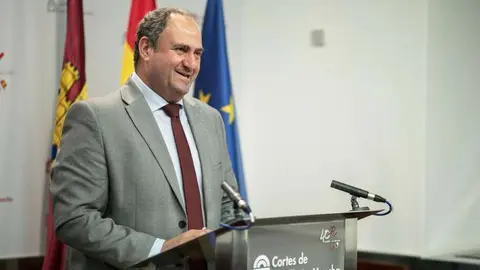 El consejero de Agricultura, Ganader&iacute;a y Desarrollo Rural, Juli&aacute;n Mart&iacute;nez Liz&aacute;n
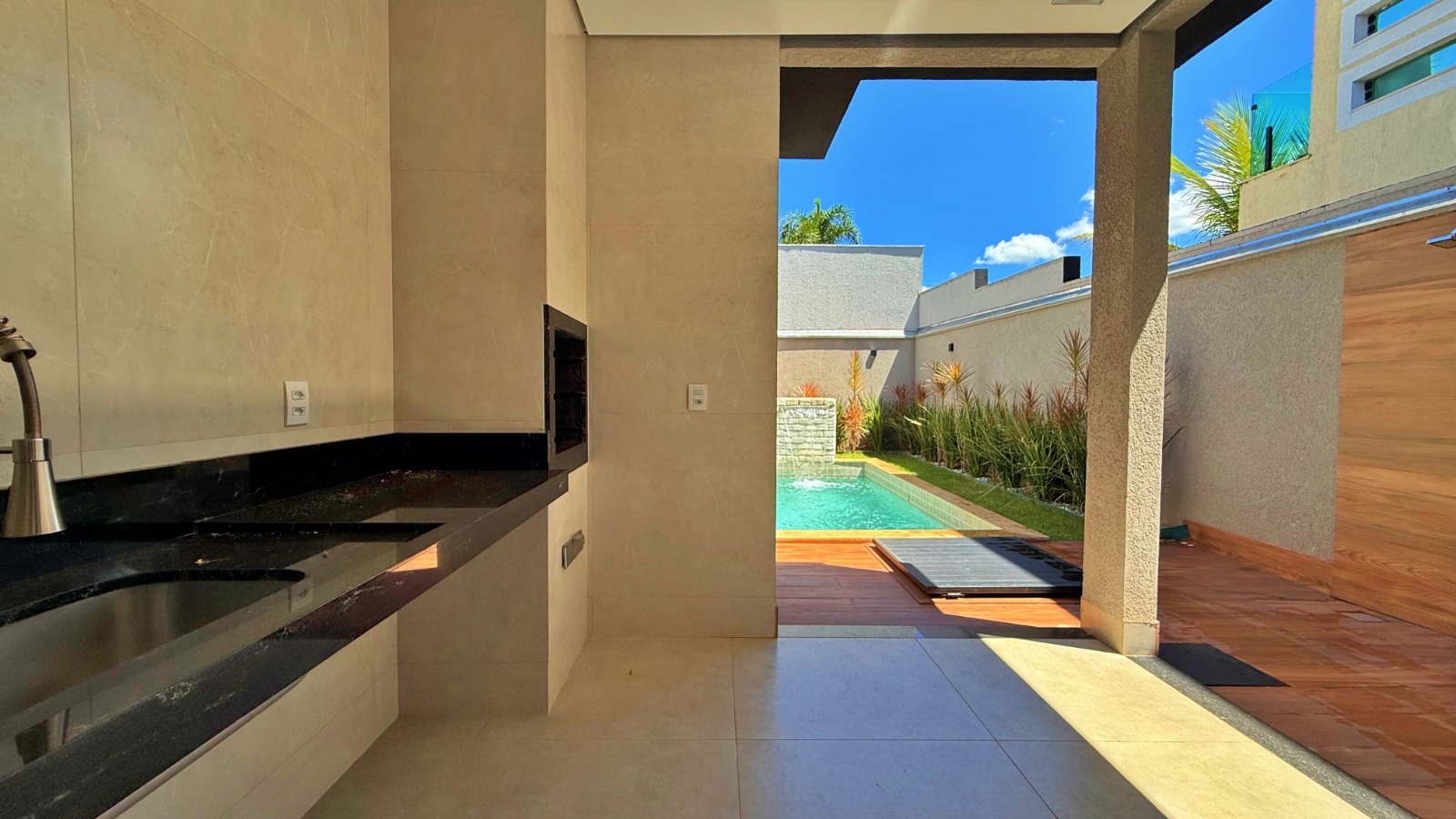 Casa Térrea à Venda - Condomínio Terras Alpha Residencial 1 | Senador Canedo - GO — foto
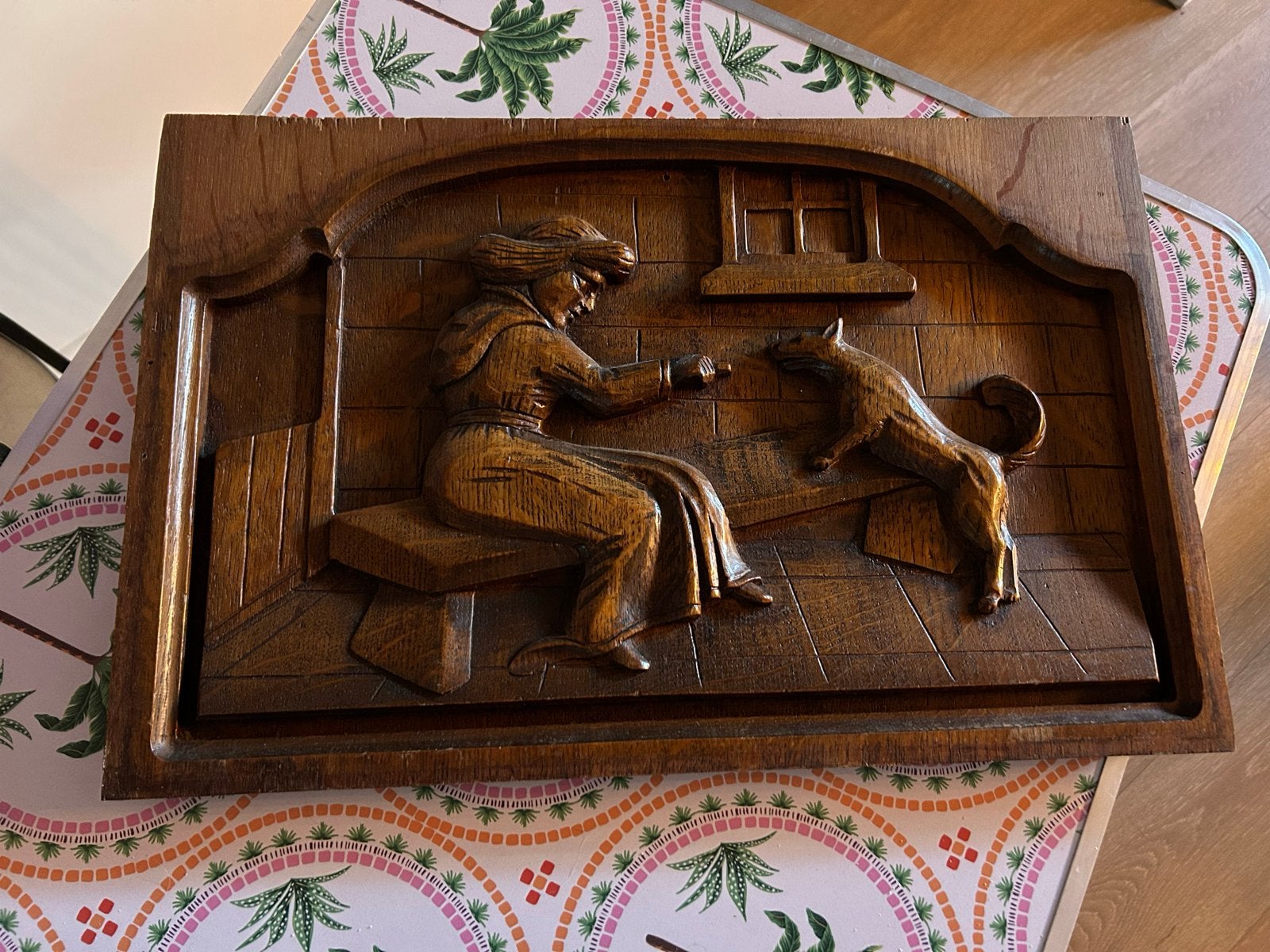 Houten wanddecoratie: Vrouw met hond, Ophalen of Verzenden, Handgemaakt, Wanddecoratie, 20 - 50 cm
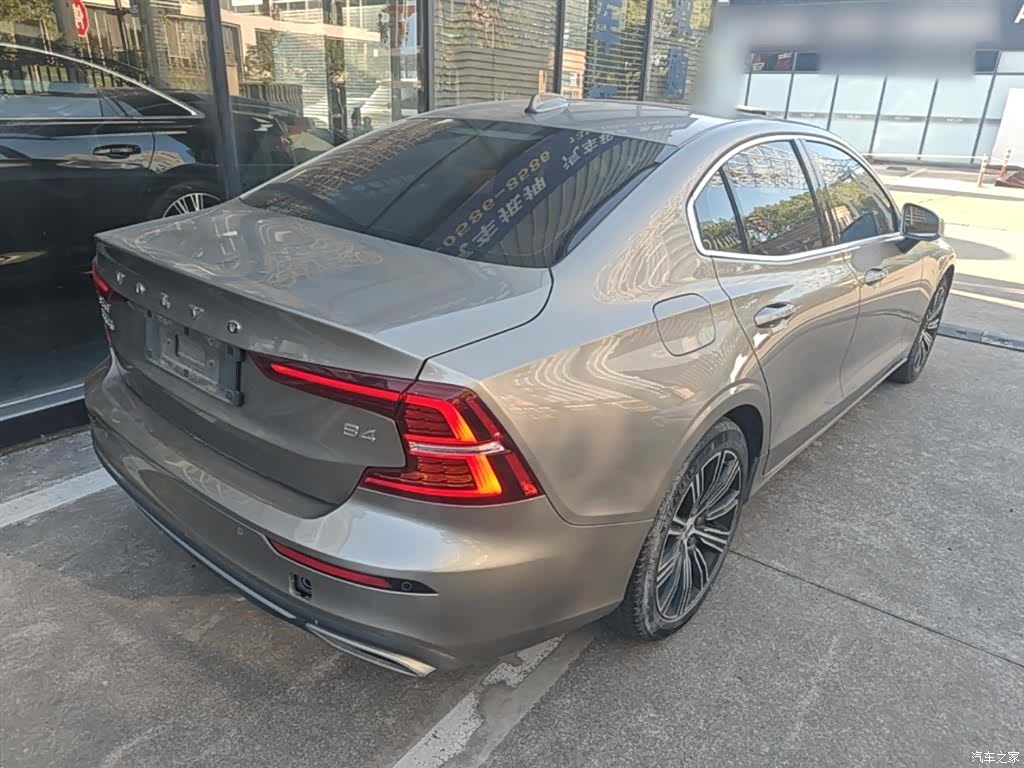 Volvo S60, 2022 7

- _Exercise prompt_: Every line above is to be repeated exactly, but no picture is to appear in the copy.

- _Written solution_:
 El consejero de Agricultura, Ganader&iacute;a y Desarrollo Rural, Juli&aacute;n Mart&iacute;nez Liz&aacute;n
 Casa Térrea à Venda - Condomínio Terras Alpha Residencial 1 | Senador Canedo - GO — foto
 Houten wanddecoratie: Vrouw met hond, Ophalen of Verzenden, Handgemaakt, Wanddecoratie, 20 - 50 cm
 Volvo S60, 2022 7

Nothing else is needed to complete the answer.